Anna Stańczyk: O samotności seniorów w czasach epidemii
O samotności, bezradności i problemach wielu seniorów podczas epidemii opowiedziała wolontariuszka akcji Łodzianie Ratują Anna Stańczyk, która sama jest seniorką, ale udostępniła swój prywatny numer telefonu, by wspierać innych.

Najtrudniej jest teraz osobom samotnym i chorym Część z nich wstydzi się prosić instytucje o pomoc. Niektórzy potrzebują by po prostu porozmawiać. Z jakimi problemami dzwonią seniorzy?
– Proszę Pani potrzebuję wykupić leki, nie śmiem nikogo prosić, czy ja mogę wyjść? Mam parę kroków do apteki. Proszę Pani, ale do sklepu to mi wolno wyjść? Bo ja mam problemy kardiologiczne.Jeden z telefonów był tragiczny i bardzo go przeżyłam. Pewna pani powiedziała, że skończy z sobą, że ją rodzina odrzuciła, że wyszła ze szpitala i jest sama – mówi Anna Stańczyk.

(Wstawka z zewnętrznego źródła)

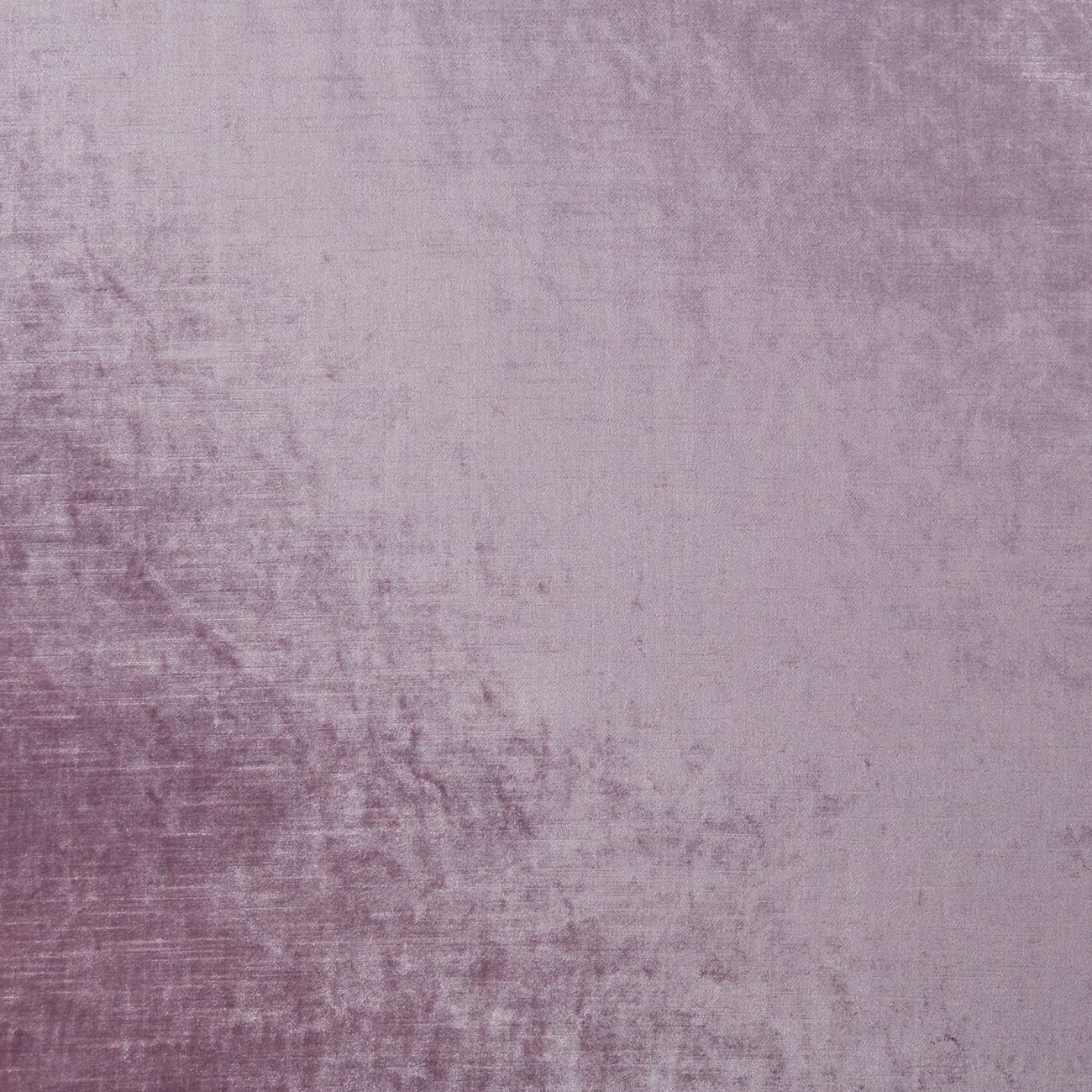 Allure F1069-19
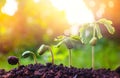 Seed plants are growing.They are growing step by step.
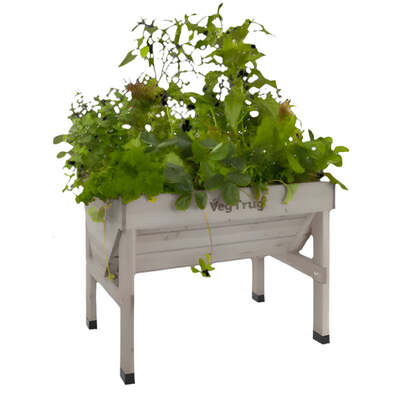 Classic VegTrug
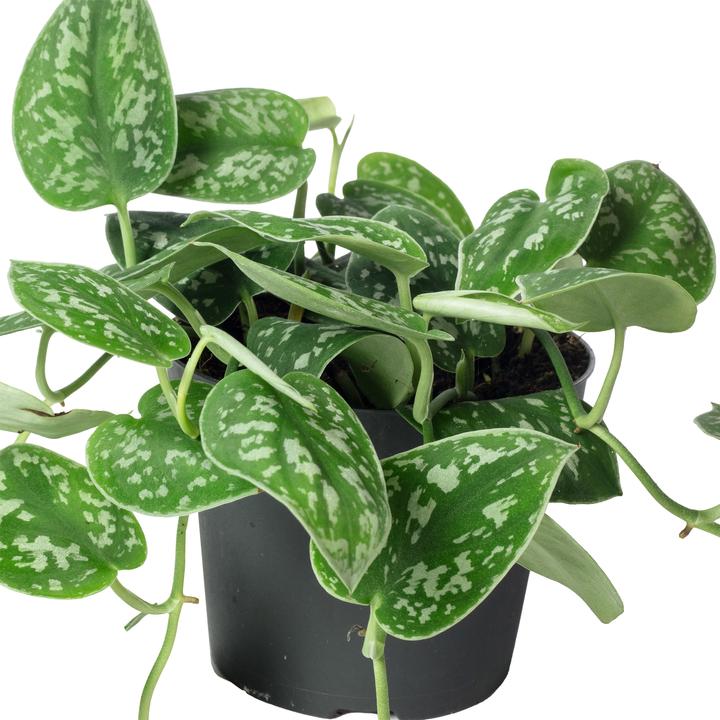 Actual product image Flowerbox Spotted Ivy - Scindapsus pictus 'Argyraeus' (15 cm)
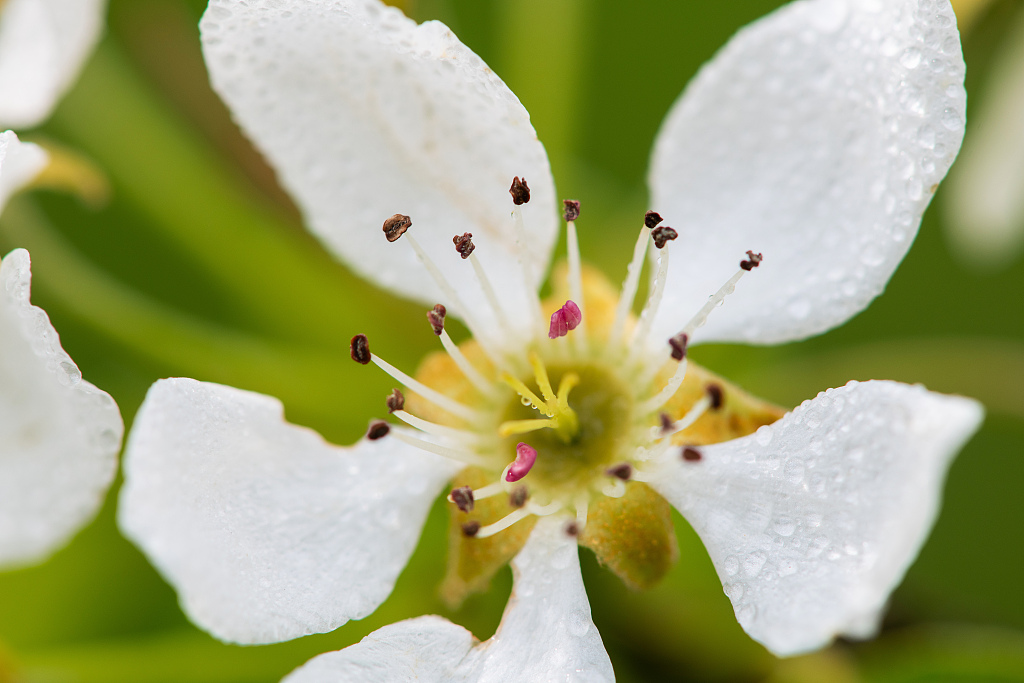 A pear blossom with raindrops.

Czytaj też: Powstało kompendium wiedzy o pandemii koronawirusa pod redakcją łódzkiego profesora
Łodzianie Ratują to społeczna akcja prowadzona podczas epidemii. Zajmuje się między innymi dostarczaniem posiłków dla medyków, szyciem i dostarczaniem sprzętu ochrony osobistej, a także wsparciem dla seniorów. Pod nr. tel. 42 298 50 05 albo adresem mailowym [email protected] można poprosić np. o zrobienie zakupów.